Using the Web interface
Using the AMI tools
Useful links
Working with the EC2 topic branch
Getting the EC2 topic branch
Get a copy of the Ubuntu kernel git tree.
- git clone git://kernel.ubuntu.com/ubuntu/ubuntu-lucid.git
Checkout the ec2 branch
- git checkout --track origin/ec2 -b ec2
The branch will have a debian.ec2 directory which is used for building the kernel.
Building the EC2 kernel
The EC2 kernel is built using the same infrastructure as the standard Ubuntu kernel except the ec2 name is used.
- fdr binary-ec2
Uploading a test kernel
- Install the kernel to test on a test machine or into a chroot environment, to gain access to the kernel image and initrd.
Bundle and upload the kernel and initrd that was installed.
Getting the Xen patchset
The ec2 topic branch is based on the xen patchset that SuSE is using. It is currently pulled directly from the SuSE kernel of the day.
Visit http://ftp.suse.com/pub/projects/kernel/kotd/HEAD/src/
Download the kernel-source-<version>.src.rpm file where <version> is a kernel version string
- eg. kernel-source-2.6.32.3-0.0.44.81788a2.src.rpm
- unpack the rpm
- mkdir tmp cd tmp
rpm2cpio <kernel-source-<version>.src.rpm | cpio -idmv --no-absolute-filenames
- mkdir tmp cd tmp
- unpack patches.xen.tar.bz2
- tar -xvjf patches.xen.tar.bz2
- compare the unpacked xen patches to the patches in the ec2 git tree in debian.ec2/patches/
- For released kernels any update will need to be done as new patches to the EC2 tree. For development kernels update the corresponding git commit with a rebase.

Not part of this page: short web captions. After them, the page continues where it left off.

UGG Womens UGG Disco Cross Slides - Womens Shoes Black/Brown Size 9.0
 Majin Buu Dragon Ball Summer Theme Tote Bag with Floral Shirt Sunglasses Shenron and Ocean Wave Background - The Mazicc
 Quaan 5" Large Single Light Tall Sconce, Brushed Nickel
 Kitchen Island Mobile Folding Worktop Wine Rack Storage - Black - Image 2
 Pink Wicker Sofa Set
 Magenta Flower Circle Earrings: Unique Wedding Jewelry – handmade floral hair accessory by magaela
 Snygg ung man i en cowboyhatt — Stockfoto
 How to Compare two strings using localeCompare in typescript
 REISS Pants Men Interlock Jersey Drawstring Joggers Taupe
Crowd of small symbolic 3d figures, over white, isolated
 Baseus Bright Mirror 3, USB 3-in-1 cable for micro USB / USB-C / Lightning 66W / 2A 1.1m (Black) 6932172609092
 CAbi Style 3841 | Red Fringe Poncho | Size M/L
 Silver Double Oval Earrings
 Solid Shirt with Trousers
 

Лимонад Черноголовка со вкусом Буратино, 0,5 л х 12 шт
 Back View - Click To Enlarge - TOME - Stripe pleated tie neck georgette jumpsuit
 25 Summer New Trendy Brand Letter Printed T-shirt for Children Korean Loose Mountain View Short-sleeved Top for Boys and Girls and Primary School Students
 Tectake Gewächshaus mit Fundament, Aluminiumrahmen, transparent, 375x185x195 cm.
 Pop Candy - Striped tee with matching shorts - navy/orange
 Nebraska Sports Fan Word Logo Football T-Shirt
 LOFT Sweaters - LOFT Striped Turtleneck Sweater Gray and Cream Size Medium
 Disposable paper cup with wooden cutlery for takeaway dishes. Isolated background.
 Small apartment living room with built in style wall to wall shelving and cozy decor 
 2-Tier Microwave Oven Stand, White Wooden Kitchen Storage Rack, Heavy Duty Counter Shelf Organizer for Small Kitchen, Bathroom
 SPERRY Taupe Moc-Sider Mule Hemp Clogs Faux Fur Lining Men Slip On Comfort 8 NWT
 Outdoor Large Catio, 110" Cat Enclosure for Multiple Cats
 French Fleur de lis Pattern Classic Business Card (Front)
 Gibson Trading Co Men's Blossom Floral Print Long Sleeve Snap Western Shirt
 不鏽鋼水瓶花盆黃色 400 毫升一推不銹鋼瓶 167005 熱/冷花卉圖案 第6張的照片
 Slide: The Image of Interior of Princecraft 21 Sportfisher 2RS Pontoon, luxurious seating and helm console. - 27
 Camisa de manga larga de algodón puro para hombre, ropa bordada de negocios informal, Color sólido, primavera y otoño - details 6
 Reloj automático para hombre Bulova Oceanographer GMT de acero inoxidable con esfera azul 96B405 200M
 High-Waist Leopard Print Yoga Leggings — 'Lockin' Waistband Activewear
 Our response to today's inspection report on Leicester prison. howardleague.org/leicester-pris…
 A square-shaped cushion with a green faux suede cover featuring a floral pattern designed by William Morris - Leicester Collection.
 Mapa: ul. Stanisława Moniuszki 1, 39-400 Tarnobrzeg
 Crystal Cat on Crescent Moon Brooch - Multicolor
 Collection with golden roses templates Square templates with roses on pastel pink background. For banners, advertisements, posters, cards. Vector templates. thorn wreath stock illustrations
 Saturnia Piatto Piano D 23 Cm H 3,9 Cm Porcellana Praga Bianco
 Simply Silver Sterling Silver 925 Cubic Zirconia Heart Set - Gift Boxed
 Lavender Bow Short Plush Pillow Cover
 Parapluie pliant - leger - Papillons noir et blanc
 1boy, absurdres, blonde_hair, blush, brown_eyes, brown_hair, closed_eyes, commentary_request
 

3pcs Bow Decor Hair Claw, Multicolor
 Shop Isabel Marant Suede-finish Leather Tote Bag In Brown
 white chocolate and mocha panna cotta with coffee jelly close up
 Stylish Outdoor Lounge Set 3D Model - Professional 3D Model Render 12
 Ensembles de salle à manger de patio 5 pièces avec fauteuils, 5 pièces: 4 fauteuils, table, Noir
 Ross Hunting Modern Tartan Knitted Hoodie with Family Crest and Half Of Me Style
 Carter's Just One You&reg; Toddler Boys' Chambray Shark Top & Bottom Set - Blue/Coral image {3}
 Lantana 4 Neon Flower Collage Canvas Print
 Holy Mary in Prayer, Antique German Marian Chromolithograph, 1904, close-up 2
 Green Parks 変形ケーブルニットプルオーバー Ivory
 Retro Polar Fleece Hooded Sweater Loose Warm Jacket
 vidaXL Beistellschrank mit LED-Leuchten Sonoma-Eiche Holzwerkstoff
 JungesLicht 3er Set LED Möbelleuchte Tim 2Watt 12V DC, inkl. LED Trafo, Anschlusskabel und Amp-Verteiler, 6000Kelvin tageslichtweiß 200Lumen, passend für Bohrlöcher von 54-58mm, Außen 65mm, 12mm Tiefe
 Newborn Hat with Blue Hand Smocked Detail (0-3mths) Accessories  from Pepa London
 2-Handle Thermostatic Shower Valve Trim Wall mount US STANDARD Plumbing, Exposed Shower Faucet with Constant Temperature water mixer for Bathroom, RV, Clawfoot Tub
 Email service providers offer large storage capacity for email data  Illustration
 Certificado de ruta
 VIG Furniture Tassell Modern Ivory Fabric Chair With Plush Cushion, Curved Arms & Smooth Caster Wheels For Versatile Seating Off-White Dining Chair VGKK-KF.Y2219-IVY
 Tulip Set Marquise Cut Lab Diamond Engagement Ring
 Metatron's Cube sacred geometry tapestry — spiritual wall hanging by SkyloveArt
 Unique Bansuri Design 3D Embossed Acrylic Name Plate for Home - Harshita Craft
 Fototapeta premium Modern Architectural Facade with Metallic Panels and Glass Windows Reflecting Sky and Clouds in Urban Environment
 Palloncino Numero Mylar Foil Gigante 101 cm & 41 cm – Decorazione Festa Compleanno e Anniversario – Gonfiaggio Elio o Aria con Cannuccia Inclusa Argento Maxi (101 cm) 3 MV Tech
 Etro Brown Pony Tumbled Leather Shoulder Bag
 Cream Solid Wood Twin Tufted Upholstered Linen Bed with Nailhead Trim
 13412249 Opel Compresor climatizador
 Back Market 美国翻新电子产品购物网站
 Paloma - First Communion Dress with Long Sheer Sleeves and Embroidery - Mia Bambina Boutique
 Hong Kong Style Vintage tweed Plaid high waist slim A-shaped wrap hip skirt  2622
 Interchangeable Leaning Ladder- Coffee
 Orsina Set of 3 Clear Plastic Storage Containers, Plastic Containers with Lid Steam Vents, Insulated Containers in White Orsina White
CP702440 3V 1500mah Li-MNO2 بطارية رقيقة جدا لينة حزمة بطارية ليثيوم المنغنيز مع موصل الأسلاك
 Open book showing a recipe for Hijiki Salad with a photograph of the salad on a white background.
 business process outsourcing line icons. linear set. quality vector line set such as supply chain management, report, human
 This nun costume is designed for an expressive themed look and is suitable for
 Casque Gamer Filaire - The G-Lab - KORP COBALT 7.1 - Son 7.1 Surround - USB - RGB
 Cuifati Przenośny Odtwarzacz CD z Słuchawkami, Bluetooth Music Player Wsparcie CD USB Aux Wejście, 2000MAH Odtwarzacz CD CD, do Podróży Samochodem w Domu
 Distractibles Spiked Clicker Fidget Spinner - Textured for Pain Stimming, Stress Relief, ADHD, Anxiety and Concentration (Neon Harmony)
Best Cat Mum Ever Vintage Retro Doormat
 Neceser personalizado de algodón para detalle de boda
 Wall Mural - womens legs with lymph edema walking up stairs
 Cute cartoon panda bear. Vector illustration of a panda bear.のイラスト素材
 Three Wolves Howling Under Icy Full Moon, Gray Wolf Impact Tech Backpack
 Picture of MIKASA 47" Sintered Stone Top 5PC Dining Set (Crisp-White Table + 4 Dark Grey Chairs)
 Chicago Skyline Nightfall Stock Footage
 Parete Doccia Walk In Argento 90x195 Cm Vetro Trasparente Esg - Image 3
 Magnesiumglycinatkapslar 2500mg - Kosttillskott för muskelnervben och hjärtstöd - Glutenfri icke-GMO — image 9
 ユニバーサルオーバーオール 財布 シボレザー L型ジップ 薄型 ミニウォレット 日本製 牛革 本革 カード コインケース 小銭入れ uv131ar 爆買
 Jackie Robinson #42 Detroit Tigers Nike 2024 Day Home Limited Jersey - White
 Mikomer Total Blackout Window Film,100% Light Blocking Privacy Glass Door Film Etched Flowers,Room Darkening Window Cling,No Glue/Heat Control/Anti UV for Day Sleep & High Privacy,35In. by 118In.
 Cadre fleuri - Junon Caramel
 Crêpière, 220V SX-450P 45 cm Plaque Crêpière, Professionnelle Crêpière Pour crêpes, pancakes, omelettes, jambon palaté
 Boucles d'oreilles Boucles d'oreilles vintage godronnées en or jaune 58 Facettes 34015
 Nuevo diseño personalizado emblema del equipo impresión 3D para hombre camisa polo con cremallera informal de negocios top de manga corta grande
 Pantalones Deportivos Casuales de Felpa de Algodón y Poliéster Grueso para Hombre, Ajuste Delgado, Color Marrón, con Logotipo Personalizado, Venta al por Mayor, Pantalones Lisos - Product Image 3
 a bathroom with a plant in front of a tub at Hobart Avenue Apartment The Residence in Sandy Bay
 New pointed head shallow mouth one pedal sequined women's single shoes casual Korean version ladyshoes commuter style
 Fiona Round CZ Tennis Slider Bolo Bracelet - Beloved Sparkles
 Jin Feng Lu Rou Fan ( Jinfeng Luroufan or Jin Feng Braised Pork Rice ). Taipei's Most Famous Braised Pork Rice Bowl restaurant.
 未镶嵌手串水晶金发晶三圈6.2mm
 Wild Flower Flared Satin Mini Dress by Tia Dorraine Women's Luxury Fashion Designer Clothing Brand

- update the debian.ec2/patches dir to ensure it is kept up to date, so base patches are maintained.
Kernel Release Notes
Release specific information for Ubuntu EC2 kernels
- 8.04 (Hardy) - see below
- 8.10 (Intrepid) - see below
- 9.04 (Jaunty) - no EC2 kernel
- 9.10 (Karmic) - Xen patchset in ec2 topic branch
- 10.04 LTS (Lucid) - Xen patchset in ec2 topic branch
- 10.10 (Maverick) - paravirt-ops (pv-ops) in the -virtual kernel
Hardy
The hardy kernel is not maintained as described above. The EC2 kernel for Hardy is the Xen Dom0 kernel that is handled as a custom binary.
The Xen patchset for the Hardy kernel is obtained as described above for the topic branch EC2 kernels.
Intrepid
The intrepid kernel for EC2 is based on the Hardy kernel patch carried forward to intrepid.
Lucid
Does not require a ram disk to boot.
Maverick
Both instance store and ebs backed images use pv-grub to boot by default.